WHITE MILLS—The grounds around the Wayne County Historical Society's (WCHS) D & H Canal Park were transported back into the 19th Century on Saturday for Lock 31's 5th Annual Canal Festival.

Residents and tourists alike were treated to a full day of reenactment, revelry and rousting entertainment presented by the historical society.

“This is just a wonderful day when volunteers, artisans, bakers, you name it, they come out and try to give a little background, a little insight into what life was like during the time the canal was actually functioning … between 1828 and 1898,” said WCHS Executive Director Carol Dunn.

“The development of Wayne County would not have occurred the way that it did if it wasn't for this canal and the company that had it built.”

This year's Canal Festival featured both new and returning attractions ranging from musical entertainment, living history demonstrations, hand-crafted goods and delicious food stands.

Canal Park Committee member Sally Talaga led guided history walks along the canal to help settle visitors into the time period.

Timothy Oset and Rachael Gonzalez of the National Parks service demonstrated life within the cramped confines of a typical canal boat cabin.

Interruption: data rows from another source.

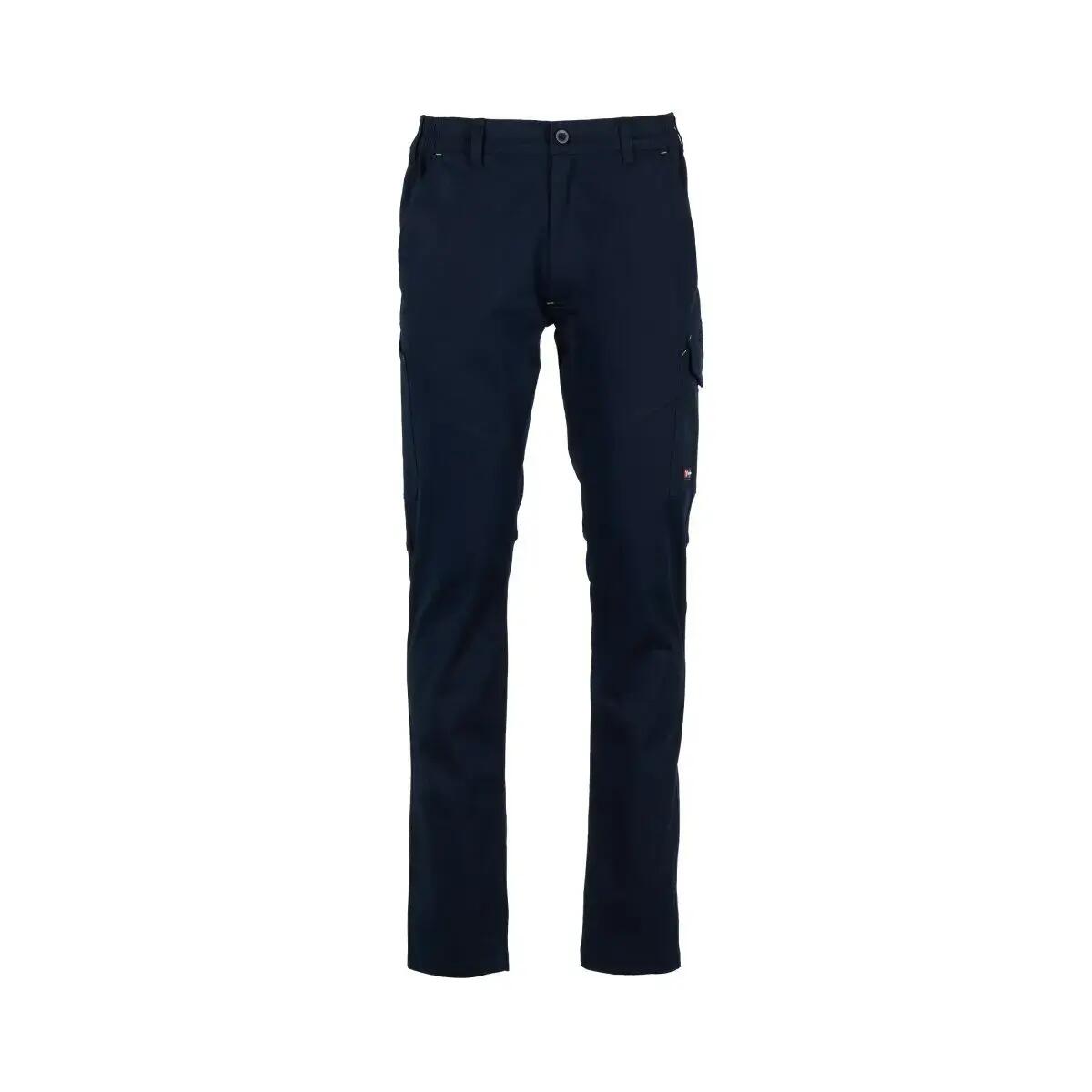 PAYPER WEAR picture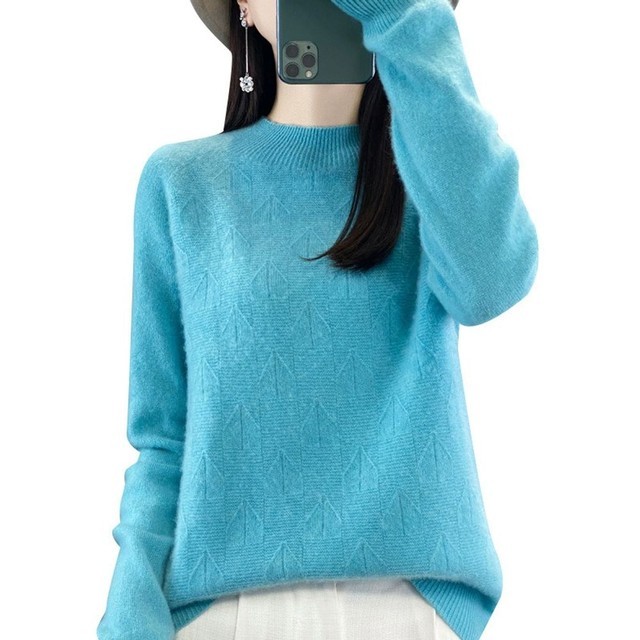 여성실루엣 이미지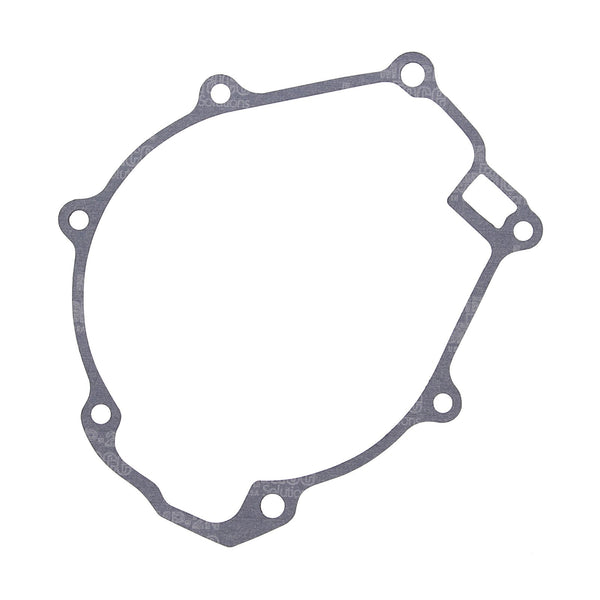 VERTEX IGNITION COVER GASKET HON TRX350FM 00-06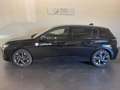 Peugeot 308 ALLURE PACK Noir - thumbnail 5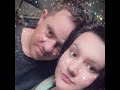 Vegta_1's Live PS4 Broadcast
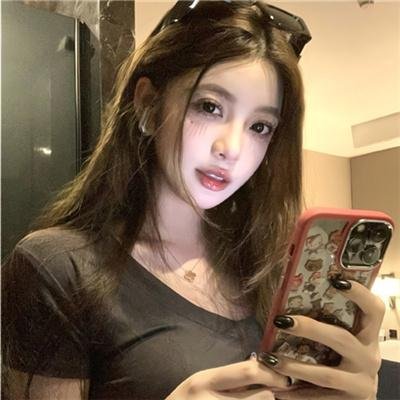 黑欲连环套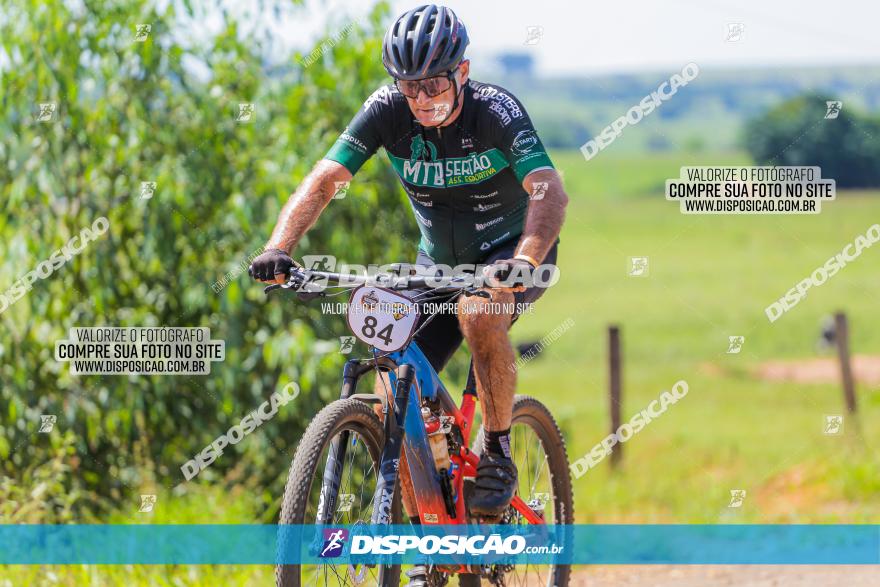 X GP Loanda MTB XCM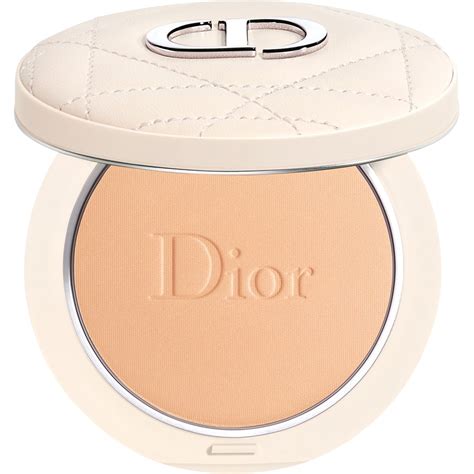 dior puder cijena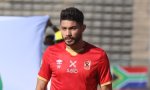 Yasser Ibrahim Stays with Al Ahly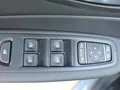 Renault Captur 1.2 TCe 120 PK Intens | Automaat | Camera achter |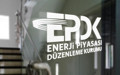 EPDK, 218 OSB için 2026 elektrik dağıtım bedellerini belirledi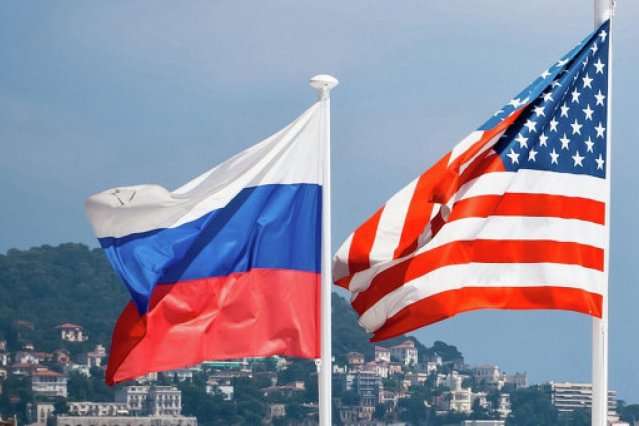 Росія запровадила додаткові мита на американські товари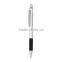 Hot colourful metal ball pen,writing pen for promotion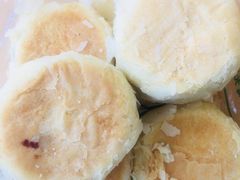 -清真全盛斋传统糕点(许士庙店)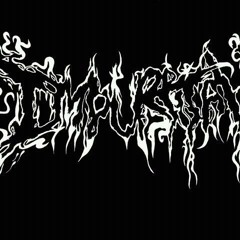 Impuritan 2012 Remastered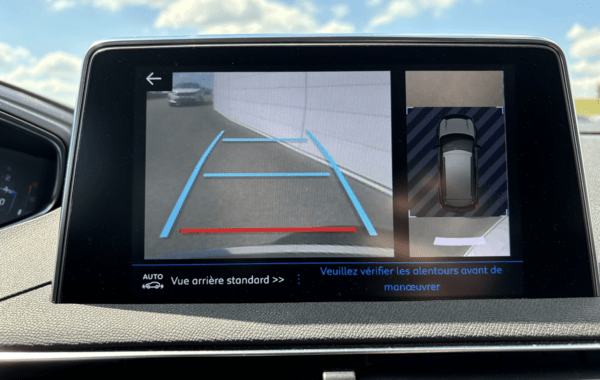 peugeot-3008-1-2-puretech-130ch-e6-c-allure-business-s-s - 118284686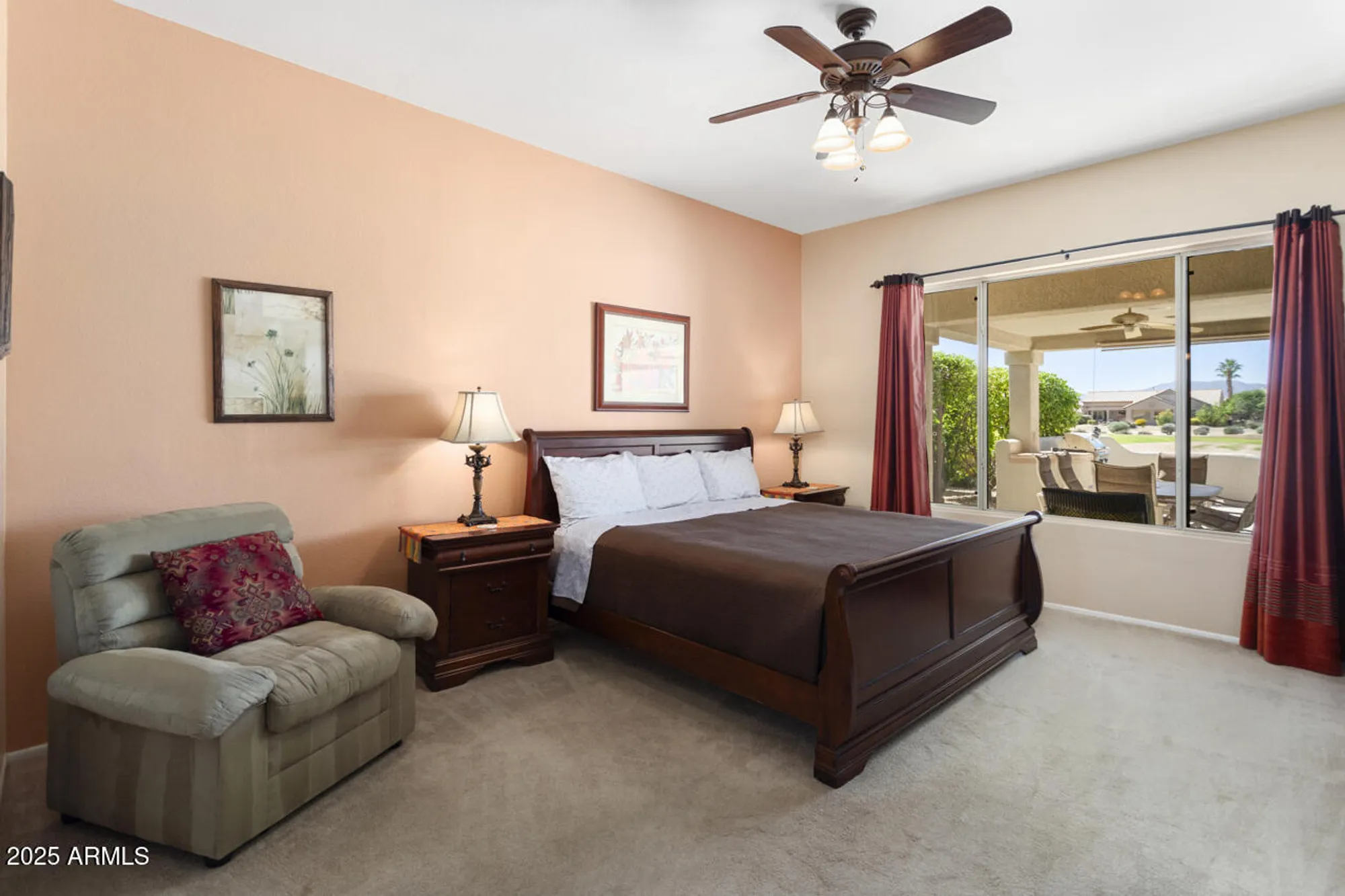 Property Slideshow image 24 of 55 | 18172 n petrified forest dr, Surprise, AZ, 85374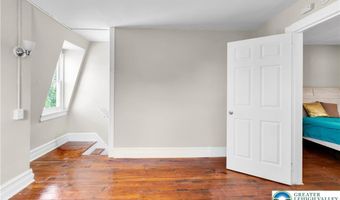 23 S Poplar St, Allentown, PA 18102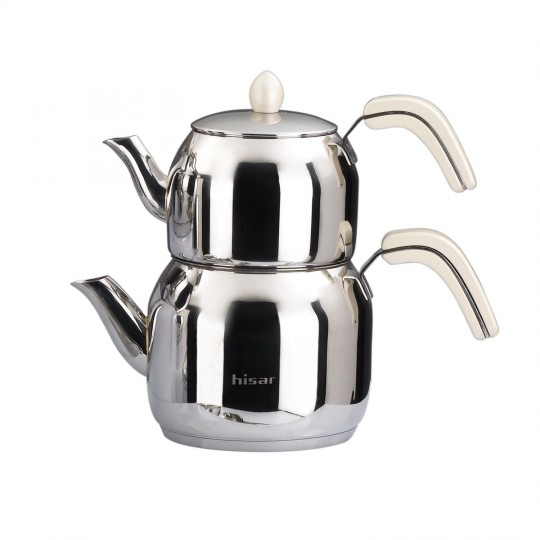 E-Ticaret Altyapısı | Güçlü ve Hazır Sistemler – SOLVES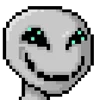Емодзі Pixel Emojis  😈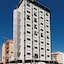 Hotel Albatros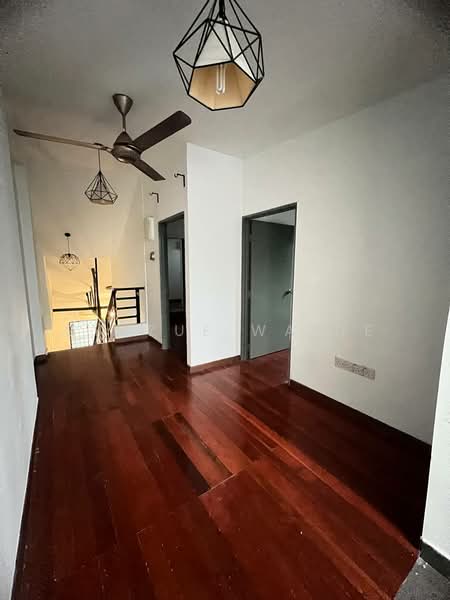 Rumah Teres 1.5 Tingkat untuk Dijual di Taman Buana Perdana (Petaling Jaya) - Syazue Wanie - Interior - PropertyGuru.com.my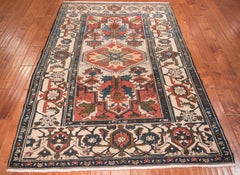 Serapi, 19th Century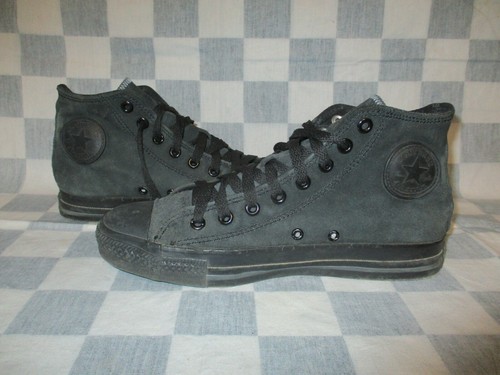 Converse all star - converse, vintage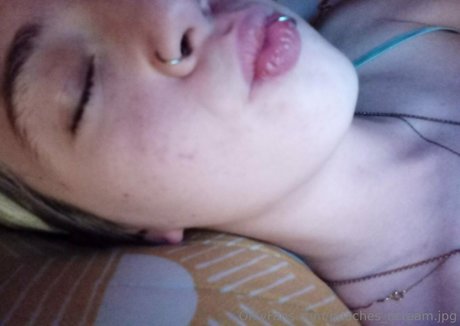 peaches ncream jpg star naked images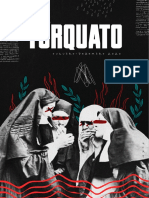 Revista Torquato (Out-Dez 2020) PDF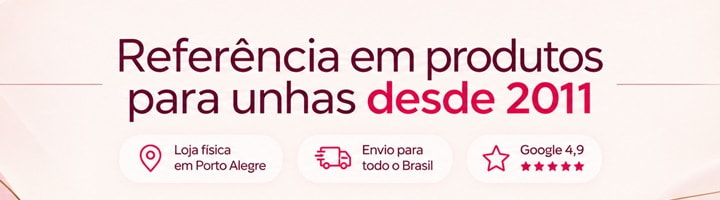 [Home] Fullbanner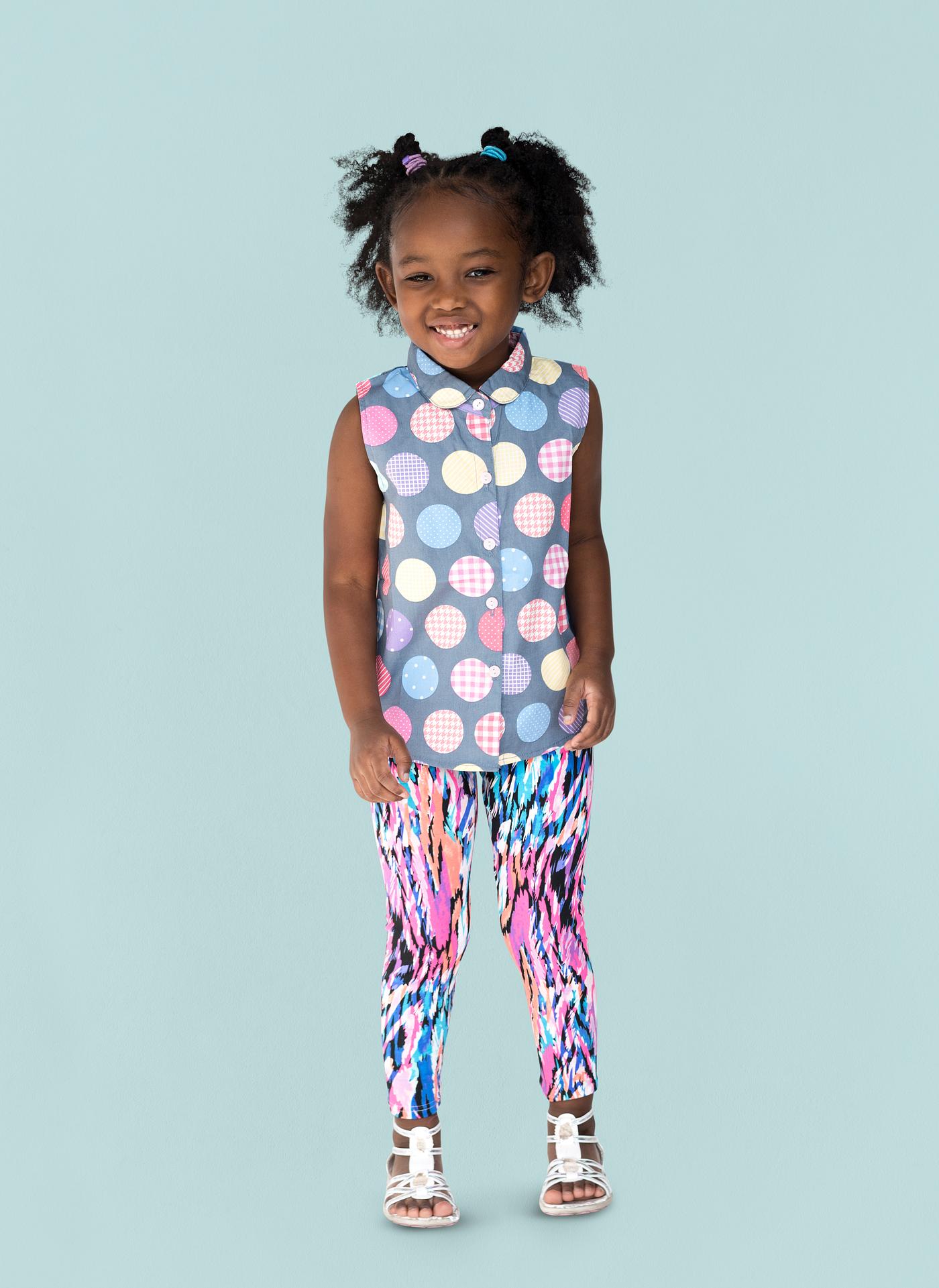 studio, expression, person, playful, joy, cute, pretty, people, kid, child, girl, solo, happy, childhood, smile, cheerful,... studio, expression, person, playful, joy, cute, pretty, people, kid, child, girl, solo, happy, childhood, smile, cheerful,...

“Essentially the living spaces on the boat were only around six to eight feet long.” stated Oset, explaining that the boats were operated by whole families.

As these families traversed the canal line, their items would oft go missing only to later be discovered by the Society for Pennsylvania Archaeology,Frances Dorrance Chapter 11.

Society member Ted Baird held a small site wherein children could dig for buried treasures of the past and learn a bit about canal boat life.

“We're digging in a spot that we've dug in the previous two years and what we're doing is just trying to get down to the bottom,” said Baird. “The deeper you are, the more likely you are to find some stuff that was either lost or discarded shortly after the canal period.”

Baird said the society has attended the festival nearly every year its been on.

Notable finds include a donkey show, a few nice bottles, a thimble and a child's marble.

The festival was happy to welcome back Frank Littlebear as he and his two sons Thomas Littlethunder and Nicholas Redwolf showcased Native American cultural music and stories.

Littlebear stated that he and his family enjoyed coming out to Canal Festival not only for the general hospitality of organizers, but also for their commitment to community outreach with their programs.

He explained a large motivation for including his children in his demonstrations is that, “It's something passing on the culture to them and keeping it alive … but they also get to learn different aspects of things and get to see how important outside of a pow wow it is to share that with audience members.”

Other musical performances were given by Dianne Romano, playing traditional Irish concert flute music; Dave Matsinko, playing traditional banjo and other string instrument performances; and folk group Poison Love giving a live concert on the northwestern side of the grounds.

Representing early American Craftsmen were blacksmith Paul Janusz and primitive skill demonstrator Ed Burgholzer.

Janusz, owner of local artisan smithy Gravity Line Forge, was present for his second year at the festival.

“These people are wonderful,” said Janusz, attesting to the historical society and Canal Park operators. “We come out to every event they have.”

This was Burgholzer's first year at the festival showcasing survival skills in brain tanning, bow making, arrow making, trapping and friction fire making.

He, too, noted his enjoyment at being part of the festivities.

There were also local history author book signings and commemorative historical affects available for purchase from a replicated Canal Store in the ground floor of the property's farm house.

The weather was pleasant and the day enjoyed by all who came to share in the majesty of a trip through time.